Knowledge graphs: the next step in data-first approaches
This broader shift to a data-first approach to maker/taker information exchange is happening in parallel with the advances in artificial intelligence (AI), particularly generative AI, large language models (LLMS), retrieval-augmented generation (RAG), and knowledge graphs. With the benefit of hindsight, it is now clear that XBRL and all the other machine-readable data models mentioned above are examples of knowledge graphs.
In technical speak, from an AI perspective, organizational knowledge graphs are a way of contextualizing queries in a way that greatly improves the quality of results from LLMs such as ChatGPT. In business speak, knowledge graphs help rule-makers and rule-takers signal the important pieces of information that are relevant in their industries so that the AIs can act more like SMEs who understand the enterprise and the domains in which the enterprise operates.
The days of rule-makers and rule-takers employing large teams to read through PDFs to extract (via copy/paste) pieces of information are now fading as the technical direction forward to a better alternative is now clearly established.
Prioritizing the Subject Matter Experts (SMEs)
XBRL’s machine readability comes – in part – from its use of very clever techniques beloved by software engineers known as markup, schemas, and parsers. Although vital to the success of XBRL, these are, from an SME’s perspective technological ‘plumbing’ that should exist behind the scenes. The SME doesn’t care or need to care about the XML innards any more than an SME needs to worry about APIs, Unicode, or RFC 822 email formats.
Once XBRL was established, there was a surge of activity to develop plugins for tools such as Microsoft Excel so that XBRL could remain behind the scenes, allowing financial content to be produced and consumed in XBRL format without SMEs ever needing to concern themselves with the XML layer.
The development of XML-based models is fundamentally a good thing and XML will clearly play an important role in the development of XBRL-link data models/knowledge-graphs in many domains along with formats such as JSON. However, the lesson from XBRL is clear – the XML/JSON, etc. should be in the plumbing and not exposed to the SME.

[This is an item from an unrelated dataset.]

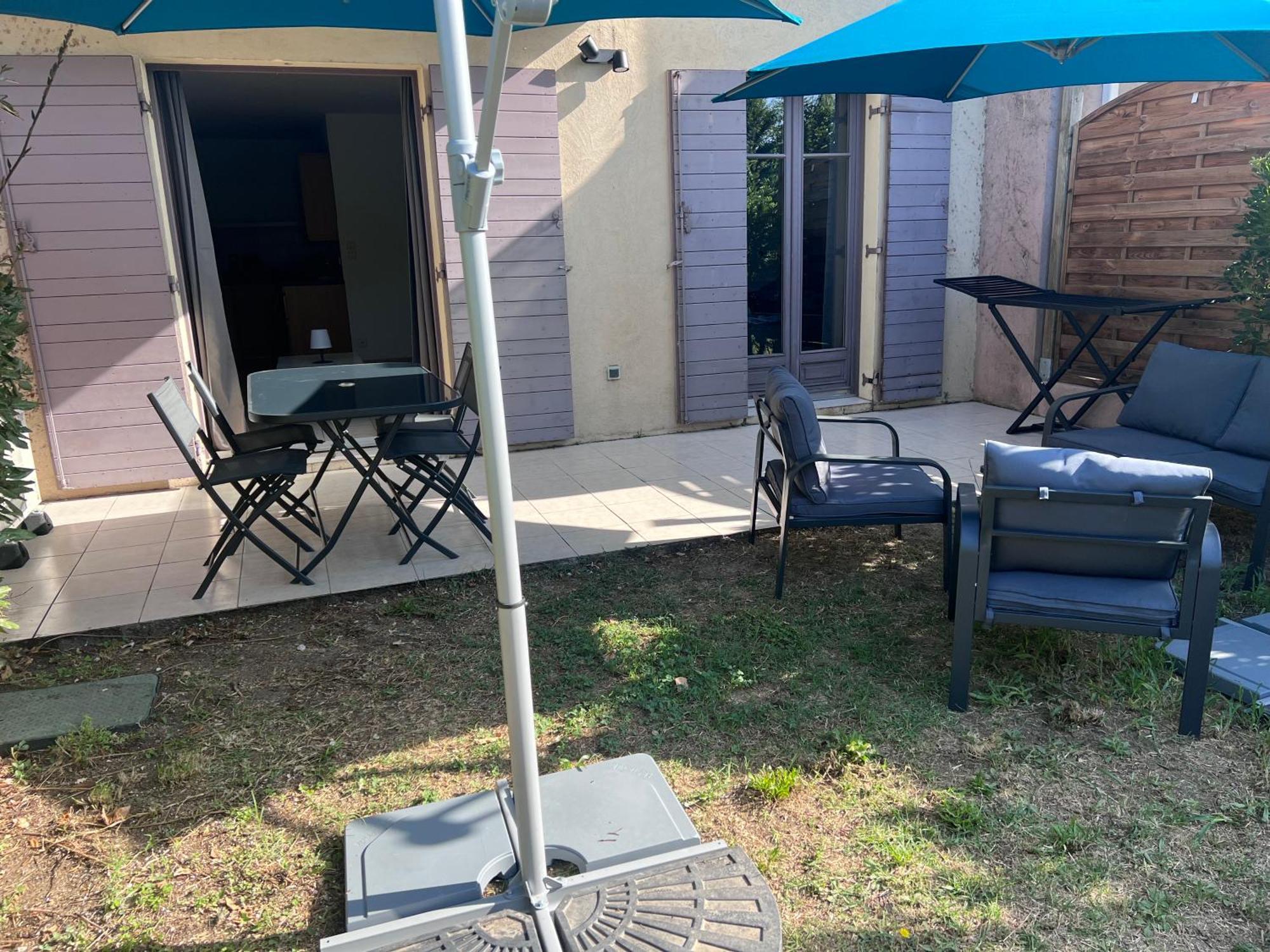 Appartement T2 Avec Jardin Prive, Piscine Et Barbecue Lorgues Kültér fotó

When it comes to narrative content, Microsoft Word is the tool of choice for makers and takers alike; this is not going to change any time soon. The good news is that today, it is entirely possible to keep XML behind the scenes in Word just as it is possible to keep XBRL behind the scenes of Excel.
XML and the digitization of rulemaking
Propylon’s experience spans decades, witnessing the genesis of XBRL in auditing and accounting and the expansion of similar models into other domains. We have been helping rule-makers and rule-takers build data models and knowledge graphs for decades.
XML is here to stay. In markets such as auditing and accounting where XML-based models have matured, they have become embedded in the digital infrastructure to the extent that we may even question their existence as if we never see them. This is how it should be. The rightful place for XML and JSON alike is buried in the plumbing unless you happen to be a software engineer or programmer interested in low-level details.
Generative AI is also here to stay. The fusion of the two in the exploding world of RAG and knowledge graphs will form the basis for knowledge management and regulatory compliance for decades to come. In time XBRL will, in my opinion, be seen as having been ahead of its era.